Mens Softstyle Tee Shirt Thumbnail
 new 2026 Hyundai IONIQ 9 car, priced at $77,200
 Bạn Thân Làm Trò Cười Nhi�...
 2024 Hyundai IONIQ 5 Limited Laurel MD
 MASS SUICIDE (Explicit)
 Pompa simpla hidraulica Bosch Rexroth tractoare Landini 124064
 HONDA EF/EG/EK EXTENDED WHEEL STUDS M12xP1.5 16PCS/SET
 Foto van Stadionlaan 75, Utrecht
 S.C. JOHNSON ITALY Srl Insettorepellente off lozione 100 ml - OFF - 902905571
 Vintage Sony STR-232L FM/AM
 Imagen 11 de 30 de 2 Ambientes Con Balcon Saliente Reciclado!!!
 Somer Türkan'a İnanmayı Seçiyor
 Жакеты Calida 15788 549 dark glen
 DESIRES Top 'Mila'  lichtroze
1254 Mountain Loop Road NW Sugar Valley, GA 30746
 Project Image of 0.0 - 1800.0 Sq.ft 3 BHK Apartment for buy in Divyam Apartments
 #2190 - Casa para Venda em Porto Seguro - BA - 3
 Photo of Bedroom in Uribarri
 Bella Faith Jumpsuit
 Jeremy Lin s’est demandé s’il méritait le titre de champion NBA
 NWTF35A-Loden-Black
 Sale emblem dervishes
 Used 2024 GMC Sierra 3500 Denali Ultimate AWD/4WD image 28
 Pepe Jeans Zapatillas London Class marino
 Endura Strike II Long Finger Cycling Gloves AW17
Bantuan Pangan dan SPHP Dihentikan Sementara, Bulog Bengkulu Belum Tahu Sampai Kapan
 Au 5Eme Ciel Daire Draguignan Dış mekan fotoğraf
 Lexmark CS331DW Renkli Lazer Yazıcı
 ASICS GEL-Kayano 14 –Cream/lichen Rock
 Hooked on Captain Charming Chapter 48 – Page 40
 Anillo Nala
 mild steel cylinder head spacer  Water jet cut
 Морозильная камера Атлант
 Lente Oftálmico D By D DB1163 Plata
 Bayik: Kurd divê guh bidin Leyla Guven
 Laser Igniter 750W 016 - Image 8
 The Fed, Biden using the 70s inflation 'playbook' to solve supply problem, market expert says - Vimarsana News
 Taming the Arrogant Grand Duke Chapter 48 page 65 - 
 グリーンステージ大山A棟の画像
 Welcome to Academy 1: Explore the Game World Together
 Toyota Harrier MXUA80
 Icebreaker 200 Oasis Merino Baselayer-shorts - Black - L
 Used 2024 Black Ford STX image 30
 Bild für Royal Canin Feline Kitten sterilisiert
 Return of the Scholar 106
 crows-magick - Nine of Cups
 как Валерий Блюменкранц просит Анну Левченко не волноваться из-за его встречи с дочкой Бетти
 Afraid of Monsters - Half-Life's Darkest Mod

|---|

* **EXERCISE**
Find the word "Hyundai" in the listing and copy each line that contains it.

* **SOLUTION TO THE EXERCISE**
 new 2026 Hyundai IONIQ 9 car, priced at $77,200
 2024 Hyundai IONIQ 5 Limited Laurel MD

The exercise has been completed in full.